# need engine



## drifterdan (Feb 14, 2005)

hey i need a vg30 (ET) for a 88 300zx if any 1 can get me that engine for 
cheep just pm me


----------



## Domdogg123 (Nov 12, 2004)

drifterdan said:


> hey i need a vg30 (ET) for a 88 300zx if any 1 can get me that engine for
> cheep just pm me


300hp N/A
Noyan Engines
Nippon Motors

That's your best bet....other than local engines.


----------



## siamiam (Feb 10, 2005)

that 300hp na motor would be fun but damn thats expensive.


----------



## Zen31ZR (Mar 24, 2004)

siamiam said:


> that 300hp na motor would be fun but damn thats expensive.


Yeah, for only 300 Hp. Could almost do an RB26 swap for that. If you left the engine stock, you _could_ do it for that.


----------



## JAMESZ (Mar 12, 2004)

♣Zen31ZR♣ said:


> Yeah, for only 300 Hp. Could almost do an RB26 swap for that. If you left the engine stock, you _could_ do it for that.


You underestimate the costs of that swap...


----------



## jbraun (Mar 2, 2005)

if i have an engine, and am planning on buying a car with a blown motor, what costs should i expect for the engine swap besides the cost of the car?


----------



## gavinbalmer (Sep 29, 2004)

drifterdan said:


> hey i need a vg30 (ET) for a 88 300zx if any 1 can get me that engine for
> cheep just pm me


Hi this may not be what you want to hear but when the engine in my z32 went bang i fit a modded small block chevy with TH400 with no major problems (cheap powerfull fun). If you want pics or info on conversion drop me a line. Gavin


----------



## Zen31ZR (Mar 24, 2004)

gavinbalmer said:


> Hi this may not be what you want to hear but when the engine in my z32 went bang i fit a modded small block chevy with TH400 with no major problems (cheap powerfull fun). If you want pics or info on conversion drop me a line. Gavin


For shame. You wanna put an SBC in something, please put it in a Chevy.


----------



## Zen31ZR (Mar 24, 2004)

JAMESZ said:


> You underestimate the costs of that swap...
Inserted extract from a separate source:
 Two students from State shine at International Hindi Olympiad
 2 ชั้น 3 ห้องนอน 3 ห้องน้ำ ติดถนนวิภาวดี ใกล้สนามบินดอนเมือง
Did you _see_ how much that engine was? Sorry, but my name is not Dr Buddha, and I don't pay $5000 to have motor/tranny mounts welded into my car.... :loser:


----------



## JAMESZ (Mar 12, 2004)

♣Zen31ZR♣ said:


> Did you _see_ how much that engine was? Sorry, but my name is not Dr Buddha, and I don't pay $5000 to have motor/tranny mounts welded into my car.... :loser:


Motor and tranny mounts are the cheap part.


----------



## Zen31ZR (Mar 24, 2004)

JAMESZ said:


> Motor and tranny mounts are the cheap part.


Yeah, and everything else could be done by hand. The only difficulties I forsee would be a driveshaft, which would have to be custom made. The only real hard part would be wiring.


----------



## JAMESZ (Mar 12, 2004)

♣Zen31ZR♣ said:


> Yeah, and everything else could be done by hand. The only difficulties I forsee would be a driveshaft, which would have to be custom made. The only real hard part would be wiring.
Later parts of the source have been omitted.